Bedroom and bathroom

Echoing the colours of the nearby country park, the bedroom is painted in white and Gorgeous Jungle green by Dulux, and the floors have been given a natural oak finish. The bed was designed and made by INHK Interior Design, and the pendant lamp was found on Alibaba.

The Pandora white marble slab, visible through the middle glass panel, was imported from Brazil. In the bathroom, Lam says: “We had the sink and unit carved out of a single block of rare Calacatta marble that can only be sourced from Carrara in Italy.”

The dark oak wall mirror came through Taobao. The white and emerald weave hexagon glass mosaic wall tiles and VIVES Ceramica floor tiles were bought from Spaceplan in Mong Kok (

Photo: Steven Ko

Bathroom detail

Adding a touch of drama is a claw-foot bathtub, which was sourced through Taobao.

Photo: Steven Ko

Guest bathroom

An Hermès-orange wall provides secret storage, as well as an eye-catching contrast to the green-tiled shower area. “I wanted to add some curves to the otherwise very linear bathroom with a free-form marble sink and oval mirror,” says Lam.

The Moroccan green wall tiles and Keope custom floor tiles came from Spaceplan. The mirror and shower hardware were bought through Alibaba.

Photo: Steven Ko

Living room

To add interest to a neutral palette, Lam’s favourite trick is to incorporate contrast and separation, which he achieves here using two tones of paint: Dulux White and Dulux Highland Plains.

Lam employed his own contractors, carpenters and furniture makers to produce the bespoke wall panelling, storage, doors, oak herringbone floors and the sofa.

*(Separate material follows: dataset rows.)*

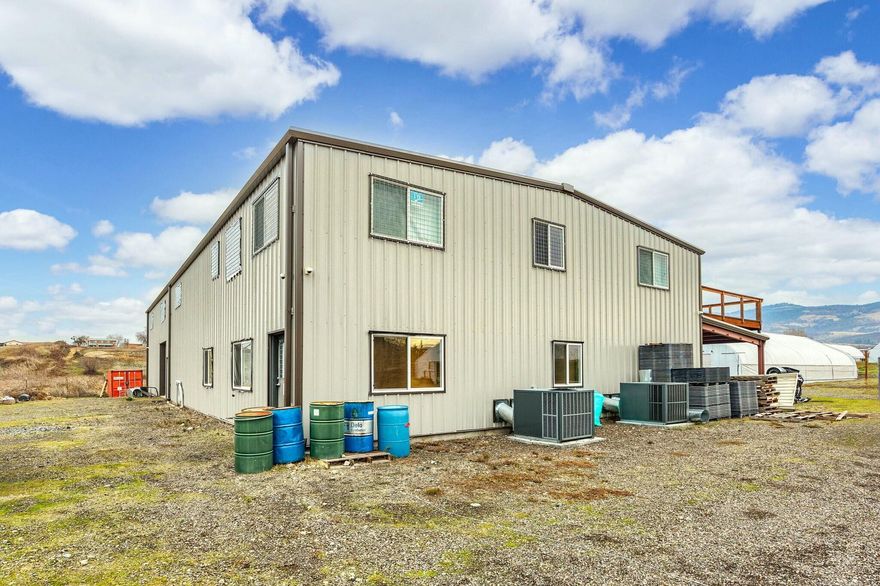 Southern Oregon mix light and indoor OLCC cannabis farm featuring a  3600 sq ft with 96 light indoor with 40 tons of ac, 2 506 quest dehus, and currently set up with living soil beds. A  5000 sq ft flex-space metal building with plans to add additional 50 light indoor cultivation flower room. Attached to this building is a 2000 sq ft lean-to for storage, ideal for equipment, tools, and staging. 4- 2880 sq ft mixed light auto-light deprivation greenhouses, each equipped with 75 lights, perfect for pulling 3 turns. 2 veg/mom greenhouse Additionally, and 4 solar-powered light deprivation greenhouses, which provide sustainable energy solutions and a controlled environment for optimal outdoor growth for 2 turns annually. Situated on six acres of land with Talent Irrigation District water rights and 500kva 208 3phase power, it's a versatile property with ample potential for expansion.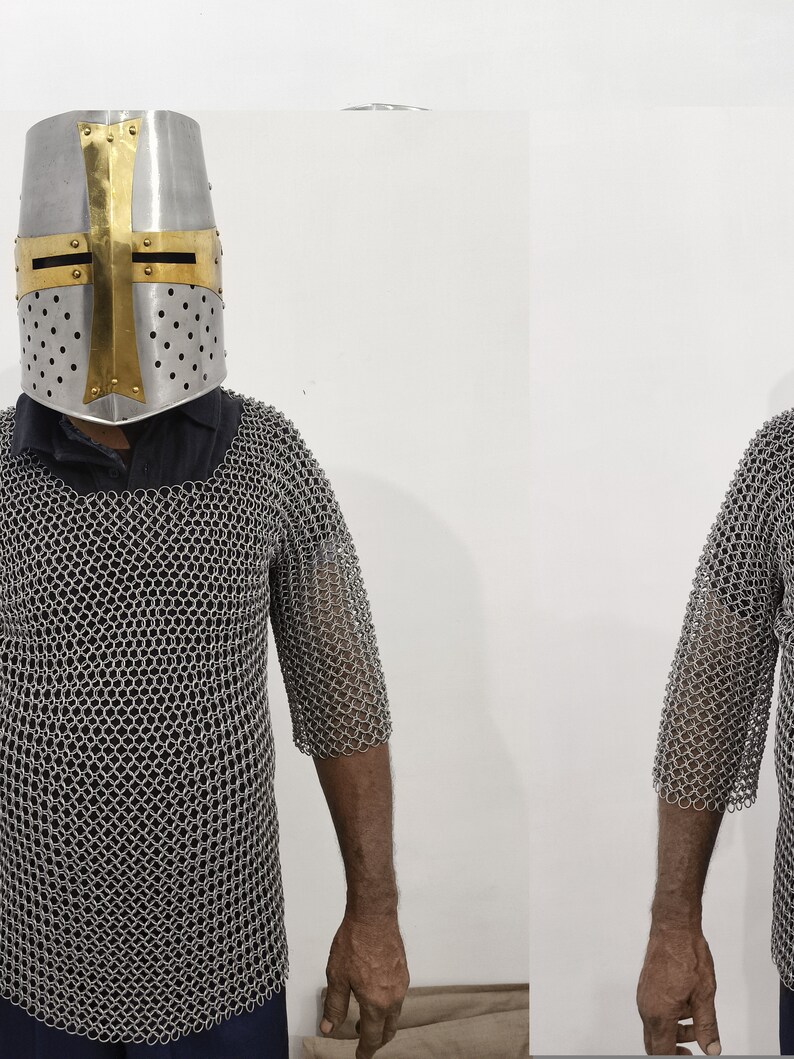 May include: A silver chainmail shirt with a short sleeve design. The shirt is worn by a person wearing a silver helmet with a gold cross.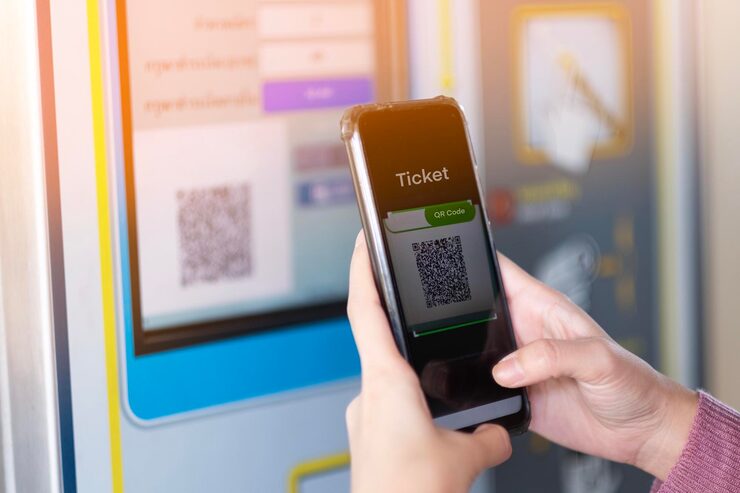 Close-up of hand scanning QR code on mobile device for event ticket verification and digital check-in system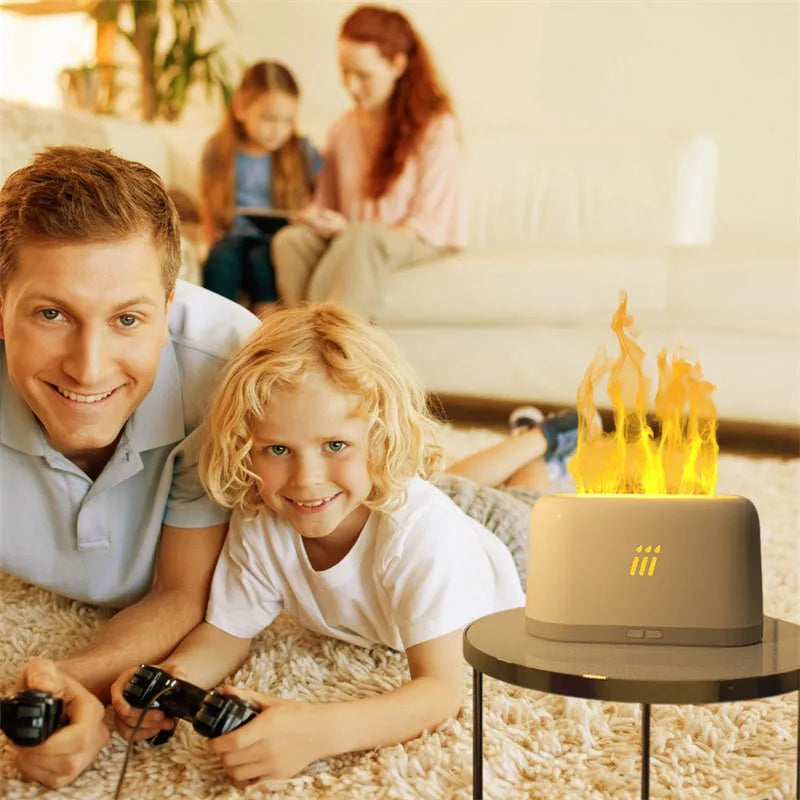 Black ultrasonic aroma diffuser humidifier with LED flame light effect on a wooden table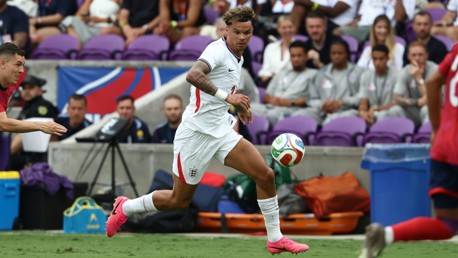A soccer player in white jersey running with the ball during a match, with spectators in the background.
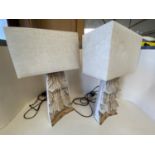 Pair of heavily carved wooden table lamps with rectangular canvas shades CONDITION: some wear -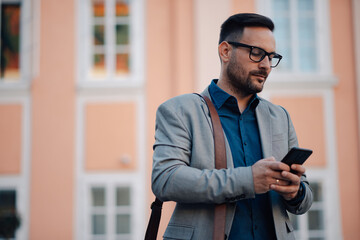 Businessman using smartphone in urban setting is reading a message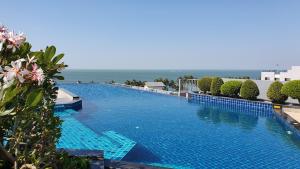 邦賢的住宿－The Patio Bangsaen，一个大型的游泳池,背景是大海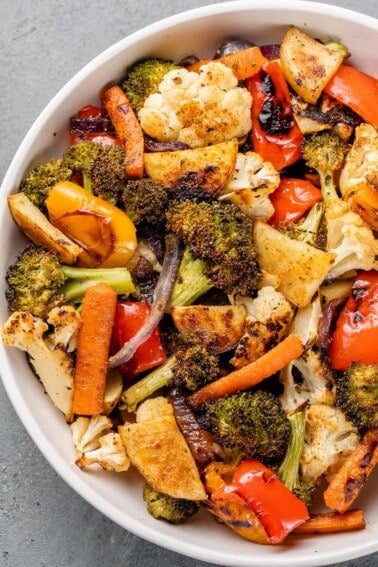 a close up of roasted vegetables in a white bowl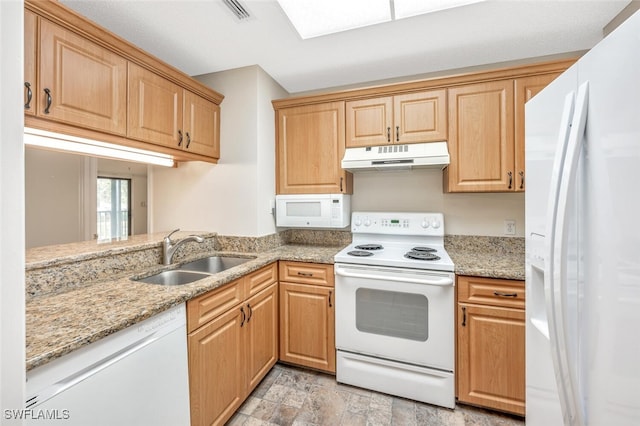 900 Arbor Lake Dr Unit 206, Naples, FL 34110 - kitchen with light stone counters, sink, and white appliances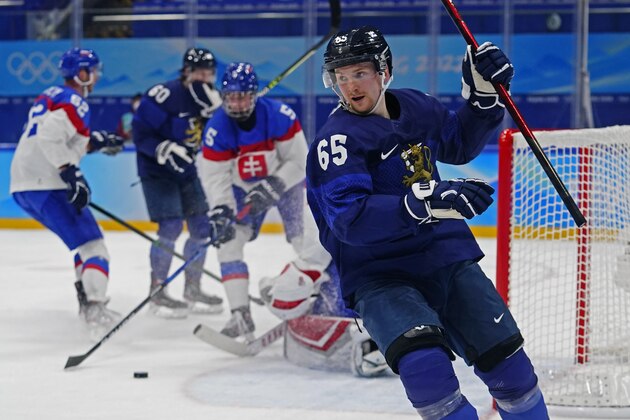 Finland's Sakari Manninen (65) skates to the bench after scoring a goal against Slovakia during a preliminary round men's hockey game at the 2022 Winter Olympics, Thursday, Feb. 10, 2022, in Beijing. (AP Photo/Matt Slocum)
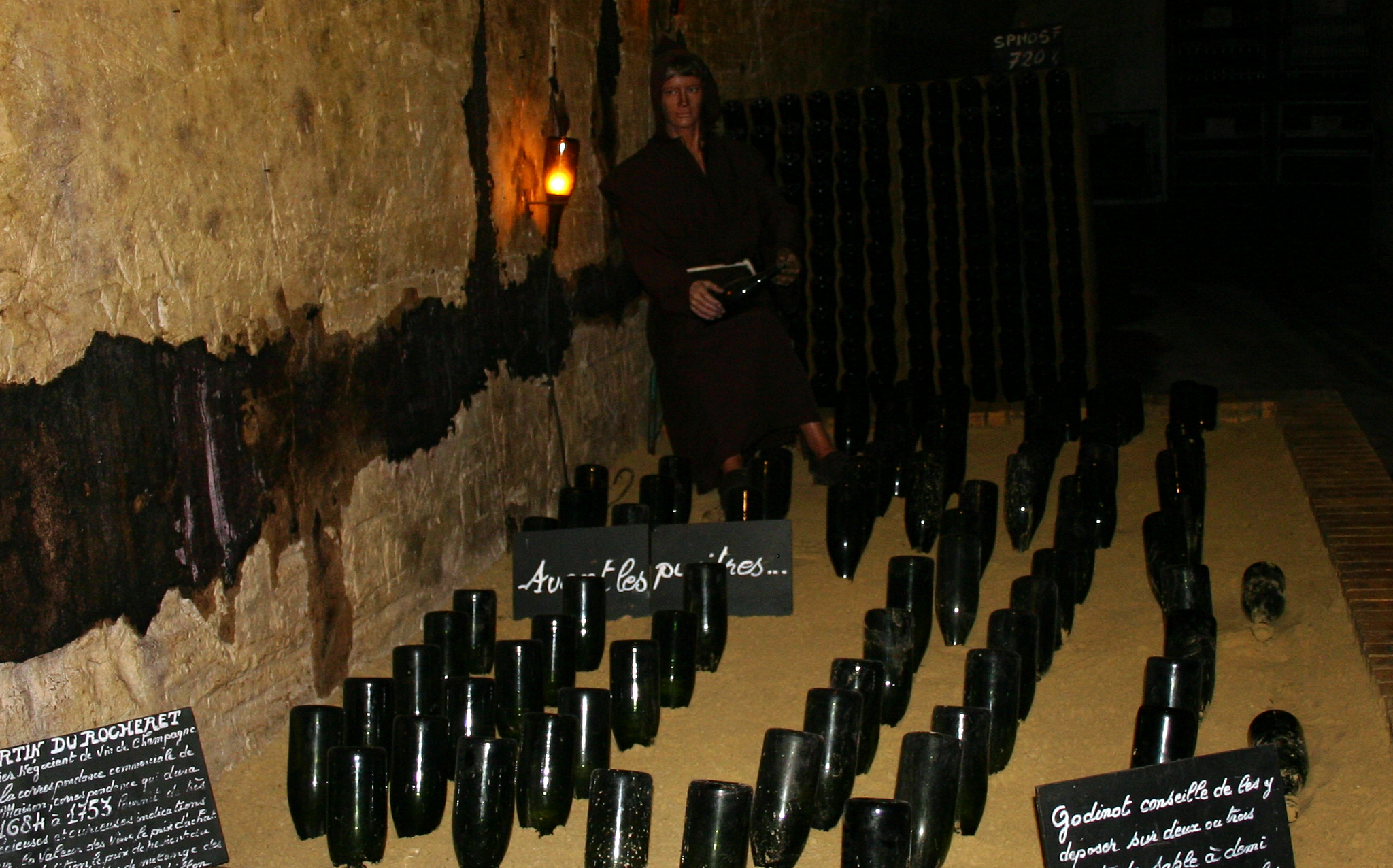 A Monk Mannequin - illustrating the first method for riddling (turning the bottles) 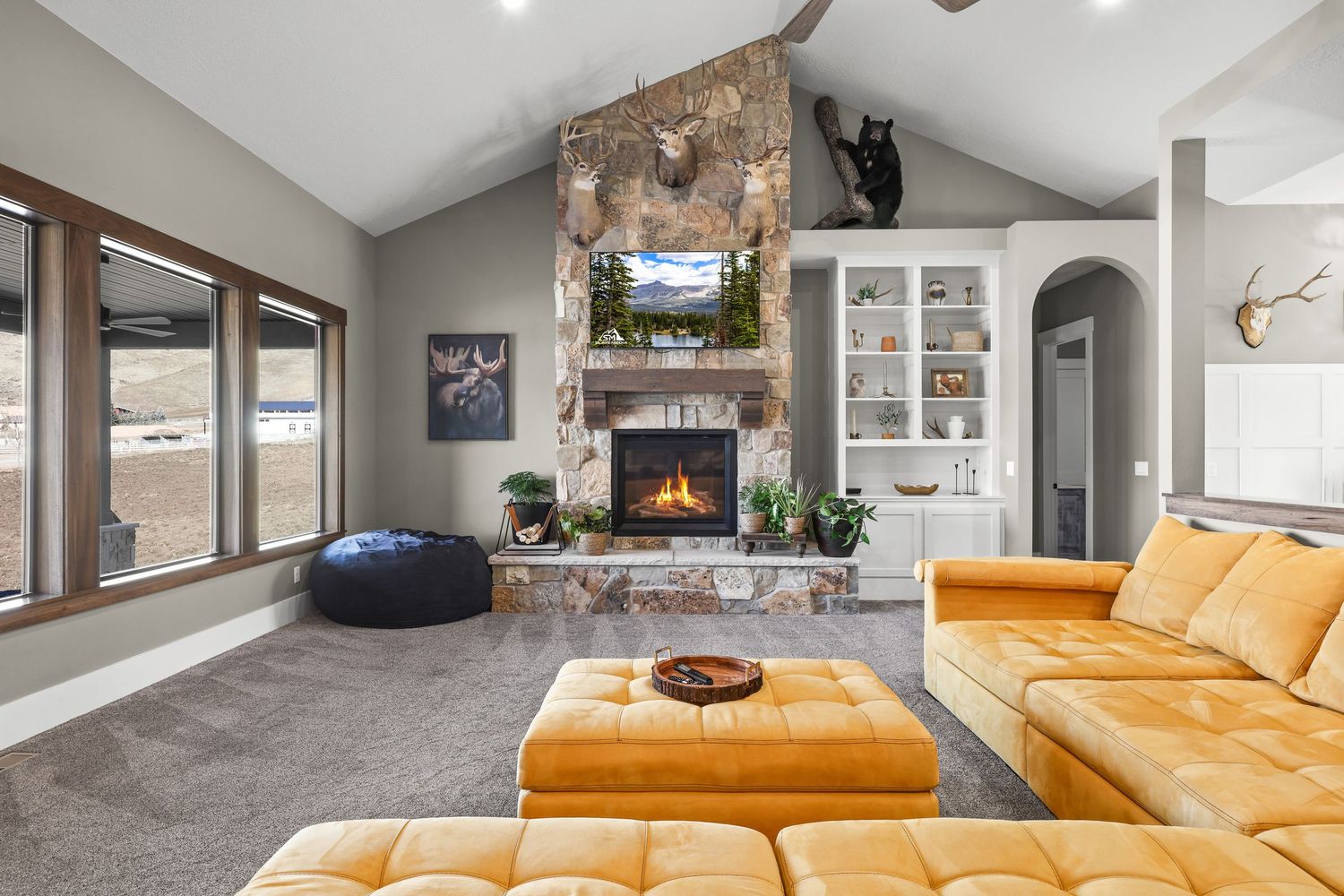 Cozy living room with vaulted ceiling, stone fireplace, built-ins, and gold velvet sectional sofa. Captured by Slate Media (best in UT)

The dining table and chairs moved with the clients into the home. The pendant lamp was bought through Alibaba.

Photo: Steven Ko


The clients requested a different but complementary look for the study, which was designed and built by INHK Interior Design. Opting for a contemporary Asian aesthetic, the room features lighting panels installed on wooden grids, an ethereal wall mural that was painted by the interior designer himself (@imnobodyartist on Instagram), and more hidden storage, of course. The chair was bought years ago.

Photo: Steven Ko


Designed and built by INHK Interior Design, the kitchen-diner features an island made from oak with a brushed-copper base. A change of paint (Dulux’s Spiced Honey) and black-and-white checked floor tiles, from Spaceplan, help to demarcate the living room and semi-open kitchen.

The bar stools are years old and the pendant lamps were bought through Alibaba.

Photo: Steven Ko

Tried + tested

Clarence Lam Chun-ho demolished a wall between the main bedroom and the third bedroom to create an oak-lined walk-in wardrobe with ample storage and a secret door that opens into a private study.

“You need a very strong hinge to make a heavy door like this,” says Lam. “It has to be able to turn easily even when it’s full of clothing and other items.”